Activity>
Extract exactly and only the lines from the one containing "MINI GT 1/64" through the end of the entries below. Pictures should not appear in the copy.

Brief descriptive captions
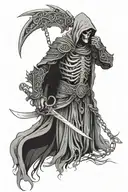 grim reaper wearing celtic armor with chain wrapping around  tattoo design idea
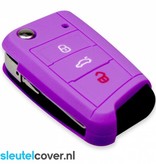 Autosleutel Hoesje geschikt voor Skoda - SleutelCover - Silicone Autosleutel Cover - Sleutelhoesje Paars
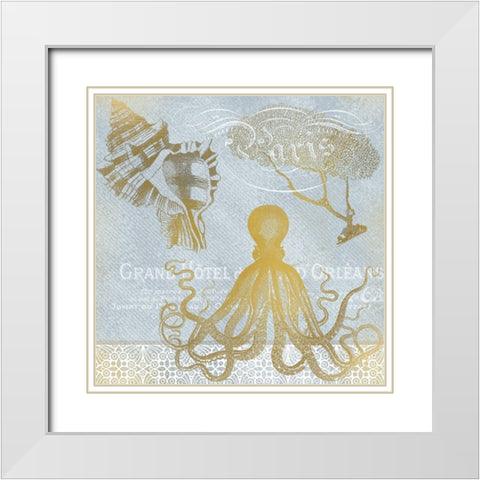 Azure Coastal Calm 2 White Modern Wood Framed Art Print with Double Matting by Kimberly, Allen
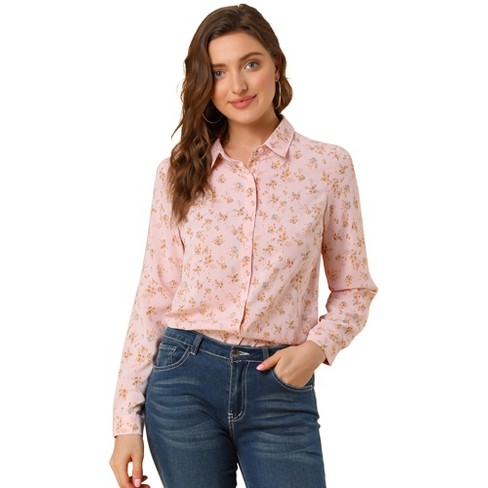 Allegra K Women's Button Down Shirt Long Sleeve Point Collar Floral Blouse  at  Women’s Clothing store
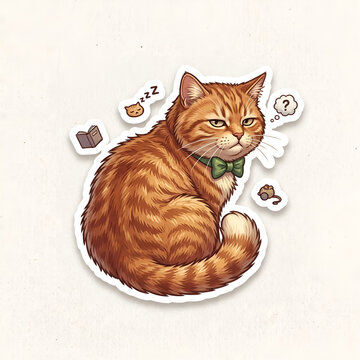 stiker hewan kucing berpose cuek lucu dan menggemaskan 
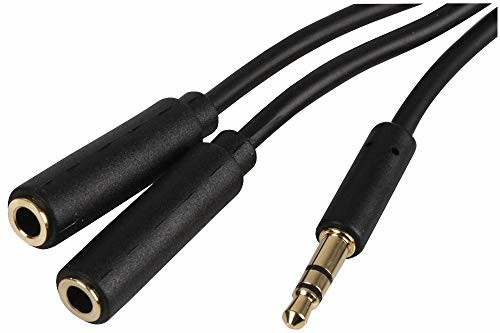 Signal Pro Pro PSG3106-5M wtyczka stereo 3,5 mm na 2 gniazda stereo 3,5 mm, wąska, 5 m, czarna PSG3106-5M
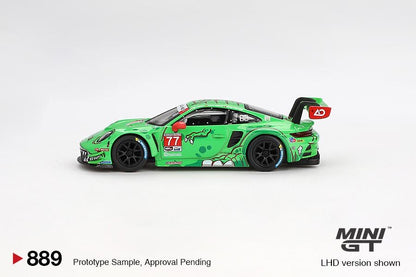 MINI GT 1/64 Porsche 911 GT3 R #77 AO Racing 2024 IMSA Daytona 24 Hrs GTD Pro 2nd Place MGT00889-L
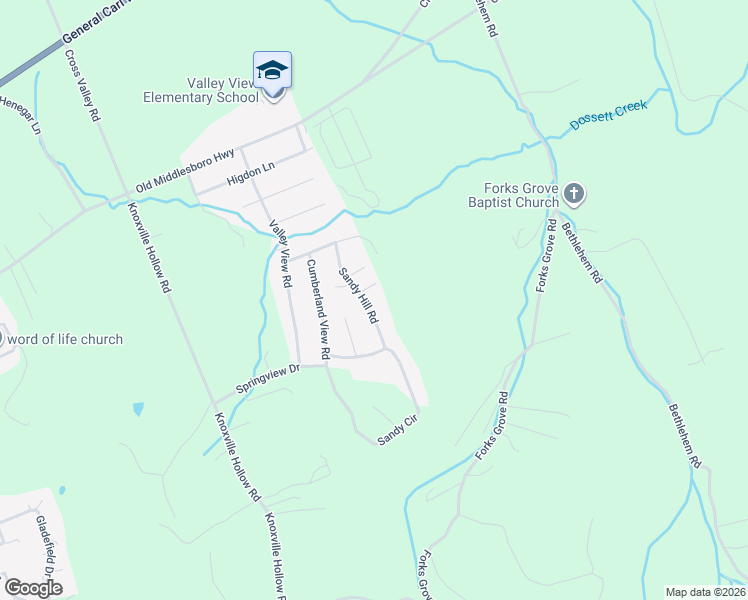 map of restaurants, bars, coffee shops, grocery stores, and more near 189 Sandy Hill Road in LaFollette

Result of the exercise>
 MINI GT 1/64 Porsche 911 GT3 R #77 AO Racing 2024 IMSA Daytona 24 Hrs GTD Pro 2nd Place MGT00889-L
 map of restaurants, bars, coffee shops, grocery stores, and more near 189 Sandy Hill Road in LaFollette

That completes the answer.